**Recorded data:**
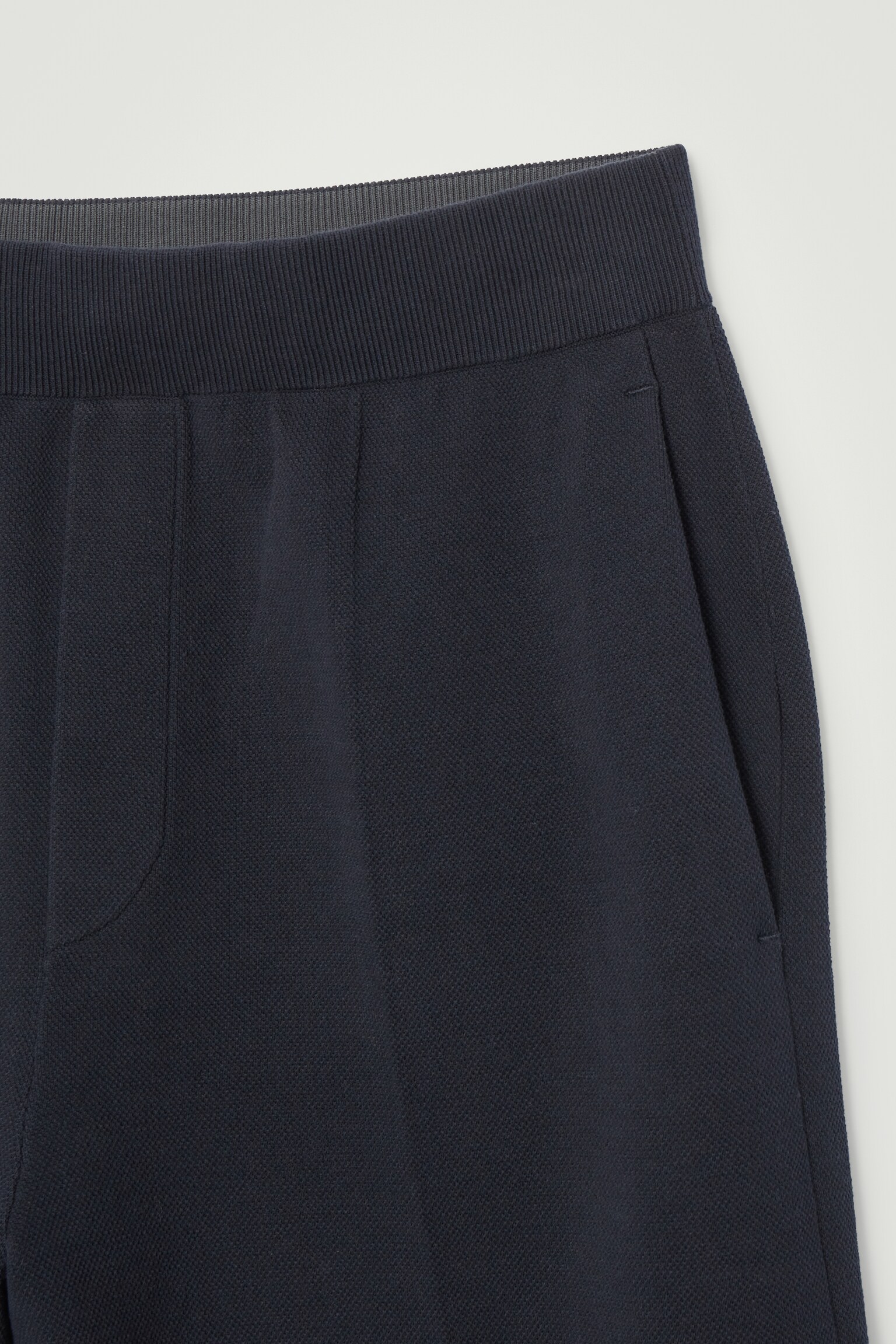 BERMUDA OVERSIZE EN MAILLE DOUBLE FACE - BLEU MARINE - 2
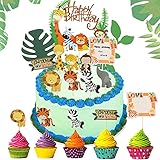 ENYACOS Cake Topper, Tortendeko Geburstagstorte Deko, Cake Topper Happy Birthday,Kuchendekoration Geburtstag,Safari geburtstagsdeko,Tortendeko Geburtstag Junge,Marzipan deko fü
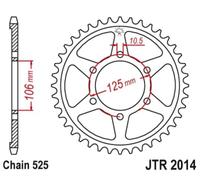 JT SPROCKETS Rear Sprocket Steel Standard - 525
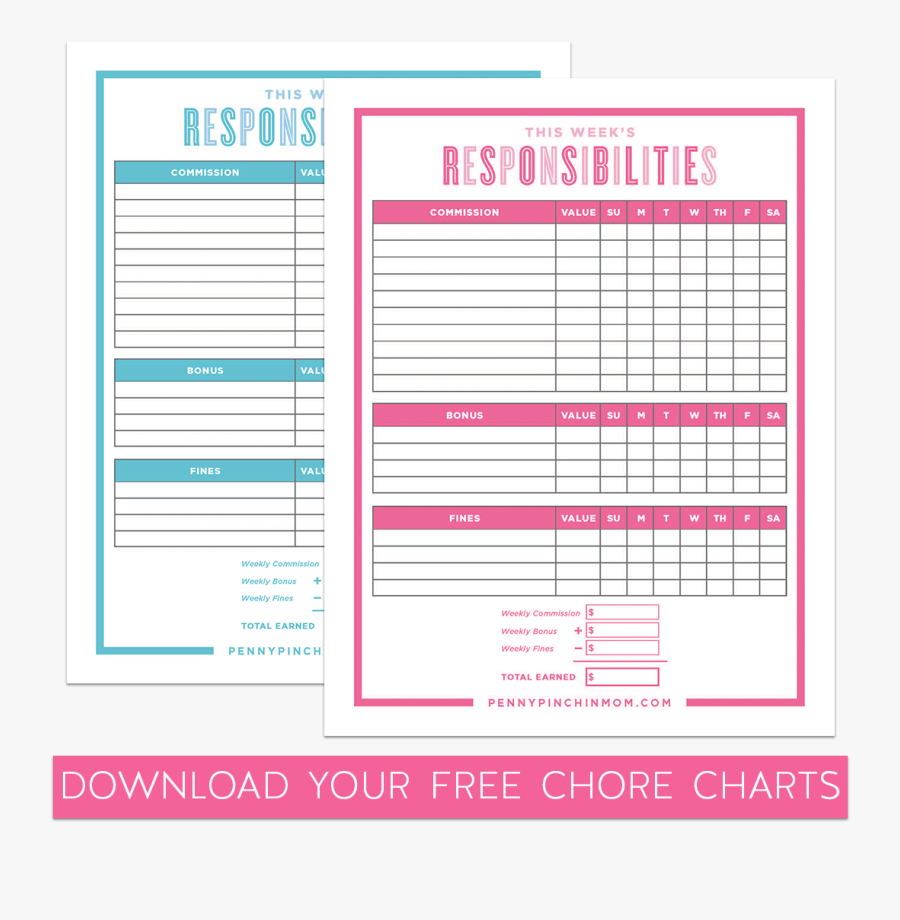 Chore Chart For Teens, Transparent Clipart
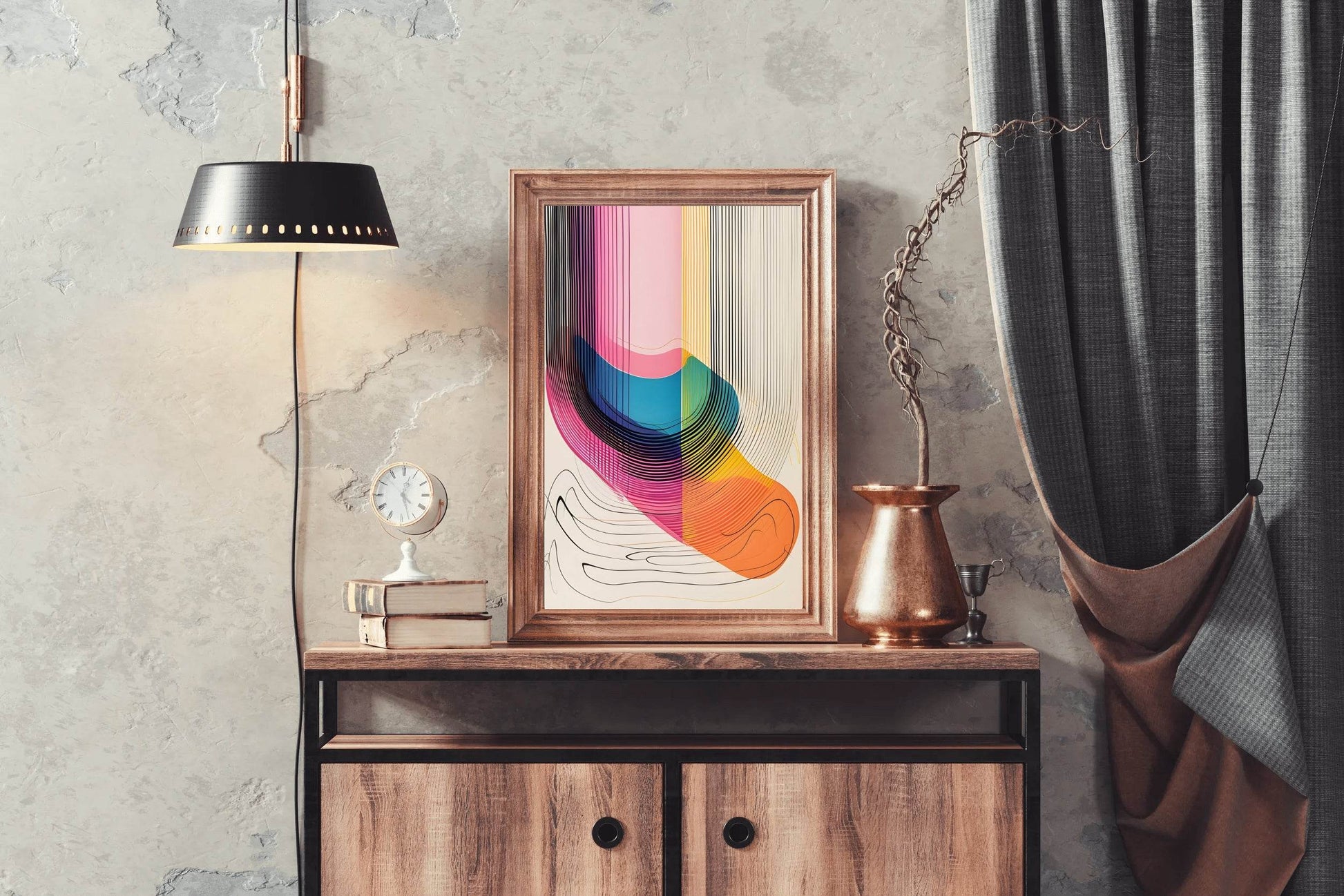 A Close Up of a Colorful Wavy Pattern Digital Art - beink online art store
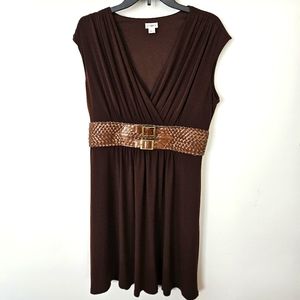 Cato Vintage Sleeveless Brown Dress with Braided Belt Size L NWOT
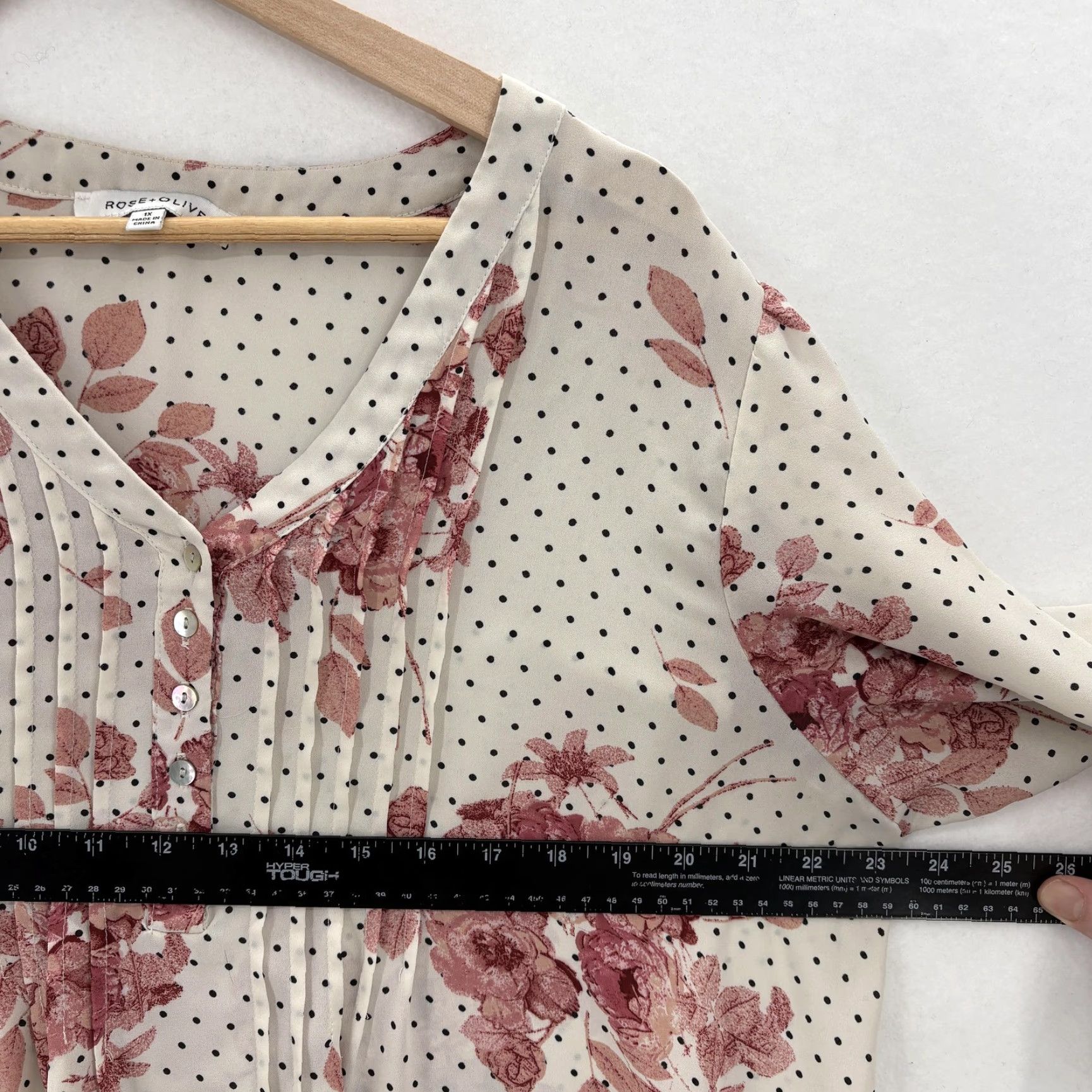 Vintage Rose + Olive Blouse Womens 1X Plus White Floral Dot V Neck 3/4 Sleeve Tunic Top Size XL / US 12-14 / IT 48-50 - 6 Thumbnail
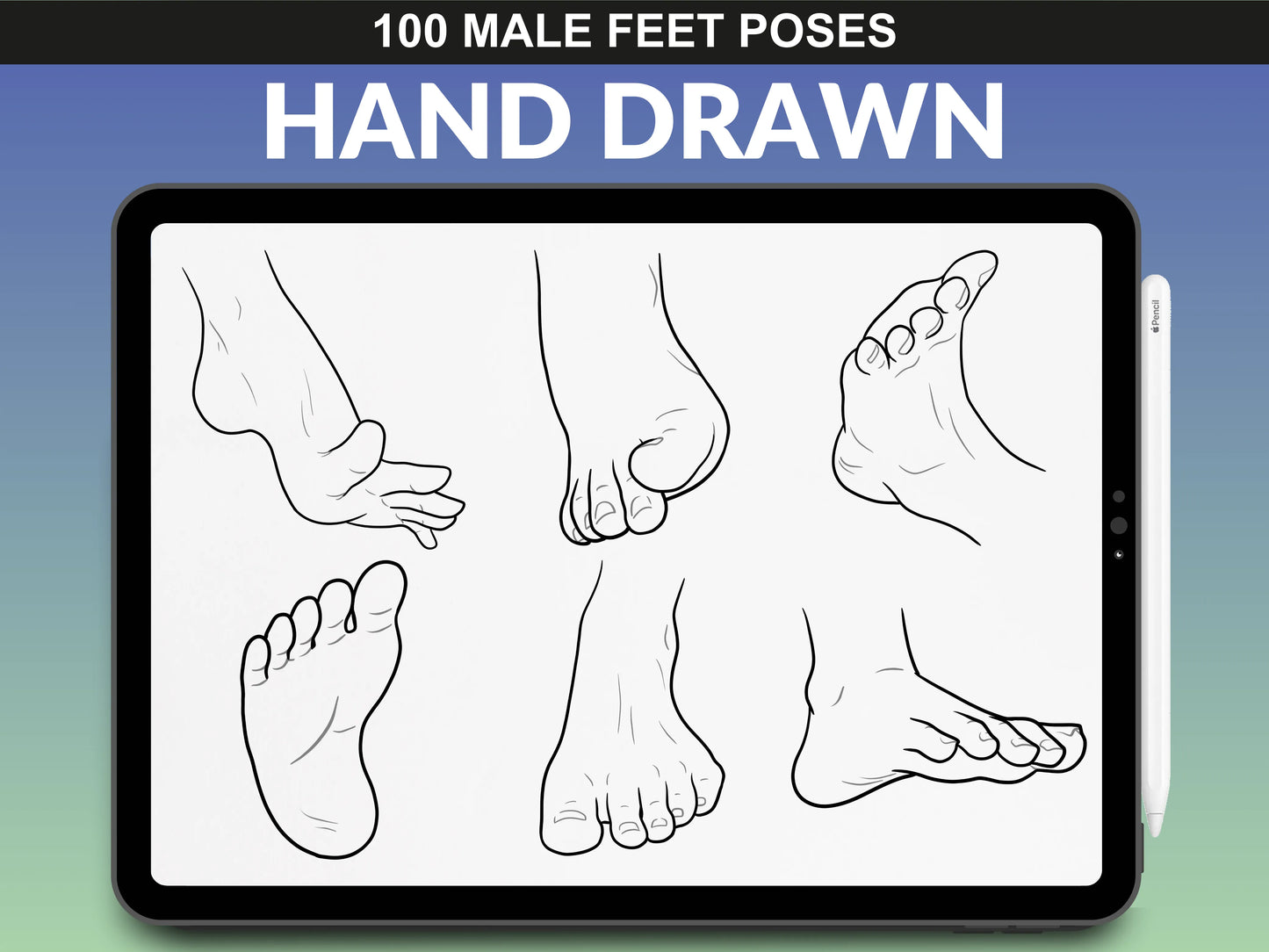 Hand drawn male feet stamps for Procreate from FUPstudio showing various toe and arch positions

**REQUIRED WORK:**
Your answer must be the lines from the one containing "Vintage Rose +" through the last line of the records, printed exactly with no pictures; please include both ends.

**RESPONSE TO THIS TASK:**
 Vintage Rose + Olive Blouse Womens 1X Plus White Floral Dot V Neck 3/4 Sleeve Tunic Top Size XL / US 12-14 / IT 48-50 - 6 Thumbnail
 Hand drawn male feet stamps for Procreate from FUPstudio showing various toe and arch positions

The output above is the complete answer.